I'd argue they matter even more. If you don't have photos on your online dating profile no one is going to look at it. In the online dating world people examine photos before they make any decision regarding whether to respond or not. And more importantly there are hundreds of profiles to choose from -- if you're not competitive in the looks department you're not going to get many responses.

Back in the good old days us less than stellar looking people could just wait out the clock. The beautiful people would pair off early in the evening and us lesser folks would make accommodations regarding looks as last call approached.


----------



## superodalisque (Apr 5, 2014)

bigmac said:


> I'd argue they matter even more. If you don't have photos on your online dating profile no one is going to look at it. In the online dating world people examine photos before they make any decision regarding whether to respond or not. And more importantly there are hundreds of profiles to choose from -- if you're not competitive in the looks department you're not going to get many responses.
> 
> Back in the good old days us less than stellar looking people could just wait out the clock. The beautiful people would pair off early in the evening and us lesser folks would make accommodations regarding looks as last call approached.



actually people often don't look at pictureless dating site profiles because the person is probably married or is living with someone and fooling around with them could get you shot or maybe even scammed.

plus everybody isn't using the net to meet people where it only takes a few seconds to check people out. there are people who really don't like that.

by your reckoning fat people are considered unattractive so they shouldn't get hits. actually i have tested that out on a site that is not size specific and it is not true at all either. 

sometimes a person just comes across as a putz on those things and in person. but few people admit to that because it's something they're supposed to have control over. it just has to be their looks and not the fact that no one wants to spend more than 5 minutes in their maudlin, selfish, negative, mean spirited, misogynistic and whiny presence.


----------



## lucca23v2 (Apr 5, 2014)

bigmac said:


> I'd argue they matter even more. If you don't have photos on your online dating profile no one is going to look at it. In the online dating world people examine photos before they make any decision regarding whether to respond or not. And more importantly there are hundreds of profiles to choose from -- if you're not competitive in the looks department you're not going to get many responses.
> 
> Back in the good old days us less than stellar looking people could just wait out the clock. The beautiful people would pair off early in the evening and us lesser folks would make accommodations regarding looks as last call approached.
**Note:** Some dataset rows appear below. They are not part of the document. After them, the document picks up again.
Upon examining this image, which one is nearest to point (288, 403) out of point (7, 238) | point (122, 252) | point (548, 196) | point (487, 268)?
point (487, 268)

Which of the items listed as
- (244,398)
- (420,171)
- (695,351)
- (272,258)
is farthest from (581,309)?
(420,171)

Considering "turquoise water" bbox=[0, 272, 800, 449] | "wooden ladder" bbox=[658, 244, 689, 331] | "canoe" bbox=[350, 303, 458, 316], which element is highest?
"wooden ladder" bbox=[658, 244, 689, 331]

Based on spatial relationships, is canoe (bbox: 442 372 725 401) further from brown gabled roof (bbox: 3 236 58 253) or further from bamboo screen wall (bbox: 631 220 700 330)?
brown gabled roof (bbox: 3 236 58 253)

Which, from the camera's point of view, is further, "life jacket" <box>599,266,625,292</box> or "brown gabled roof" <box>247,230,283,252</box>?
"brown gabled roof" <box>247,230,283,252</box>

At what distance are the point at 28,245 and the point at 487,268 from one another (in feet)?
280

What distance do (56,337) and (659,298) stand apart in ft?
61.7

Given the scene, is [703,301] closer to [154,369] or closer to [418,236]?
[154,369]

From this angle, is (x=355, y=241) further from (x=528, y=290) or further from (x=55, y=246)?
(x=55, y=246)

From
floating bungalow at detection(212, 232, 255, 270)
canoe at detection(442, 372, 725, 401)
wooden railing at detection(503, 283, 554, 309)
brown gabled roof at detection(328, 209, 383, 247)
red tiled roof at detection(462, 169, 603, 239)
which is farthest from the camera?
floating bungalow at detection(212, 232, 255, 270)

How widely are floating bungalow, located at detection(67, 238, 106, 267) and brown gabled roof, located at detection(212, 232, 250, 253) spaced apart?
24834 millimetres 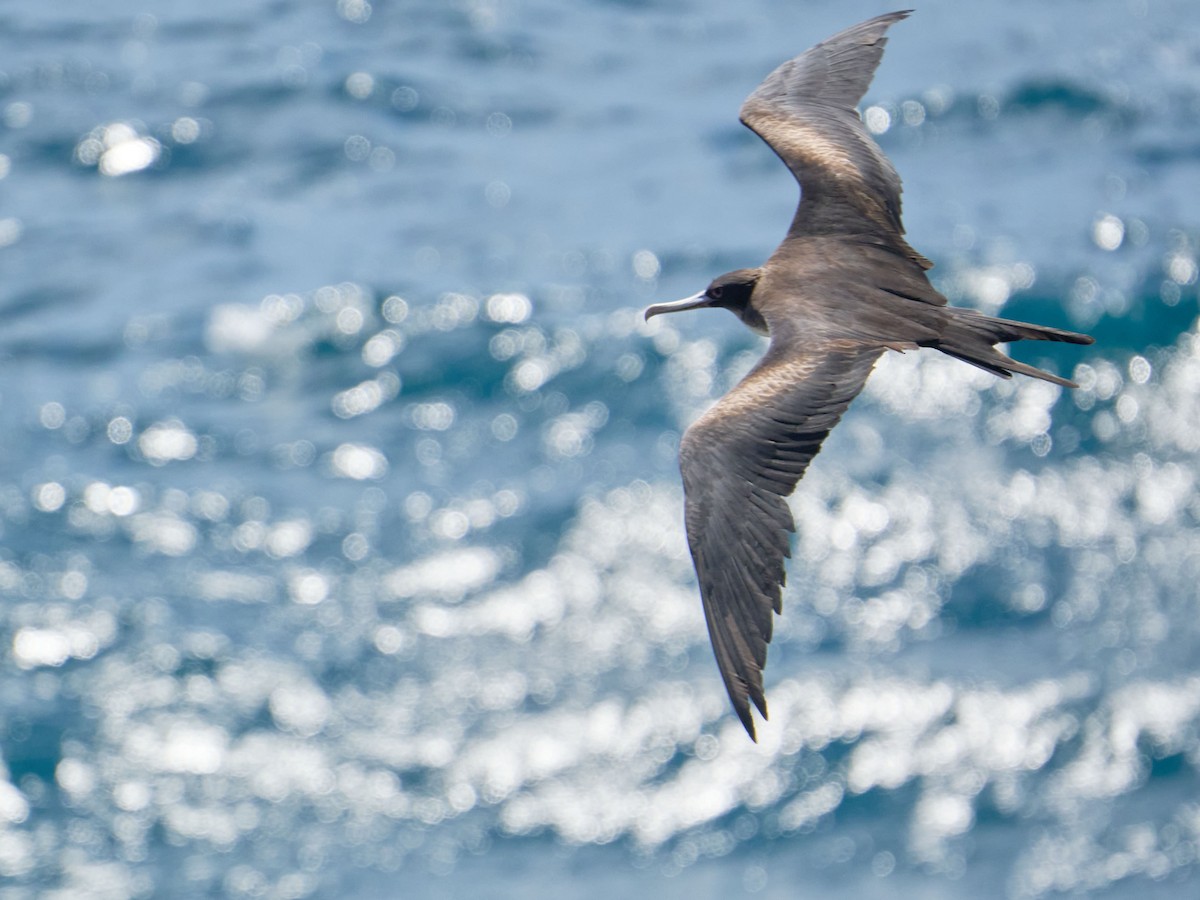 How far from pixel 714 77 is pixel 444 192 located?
4321 mm

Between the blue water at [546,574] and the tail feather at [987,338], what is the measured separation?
1044 cm

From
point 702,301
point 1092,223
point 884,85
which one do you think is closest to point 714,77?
point 884,85

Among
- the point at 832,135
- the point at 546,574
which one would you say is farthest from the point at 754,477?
the point at 546,574

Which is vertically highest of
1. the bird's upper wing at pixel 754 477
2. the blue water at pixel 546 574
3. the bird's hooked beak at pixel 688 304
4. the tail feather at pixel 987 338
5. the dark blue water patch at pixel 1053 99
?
the tail feather at pixel 987 338

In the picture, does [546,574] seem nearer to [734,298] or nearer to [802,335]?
[734,298]

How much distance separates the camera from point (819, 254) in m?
8.02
I don't know. That can go both ways. If you don't have a pic it reduces the chance of someone sending a message. But having one can do the same thing. I personally always put up pics because I want people to know. I spell it out in my profile as well. I hide nothing. I have never had an issue with anyone sending me messages from men or from women for that matter.

Then again, I only go by the messages I get as oppose to what anyone else gets. *shrugging shoulders* I can careless what other people get.


----------



## loopytheone (Apr 6, 2014)

bigmac said:


> I'd argue they matter even more.* If you don't have photos on your online dating profile no one is going to look at it.* In the online dating world people examine photos before they make any decision regarding whether to respond or not. And more importantly there are hundreds of profiles to choose from -- if you're not competitive in the looks department you're not going to get many responses.
> 
> Back in the good old days us less than stellar looking people could just wait out the clock. The beautiful people would pair off early in the evening and us lesser folks would make accommodations regarding looks as last call approached.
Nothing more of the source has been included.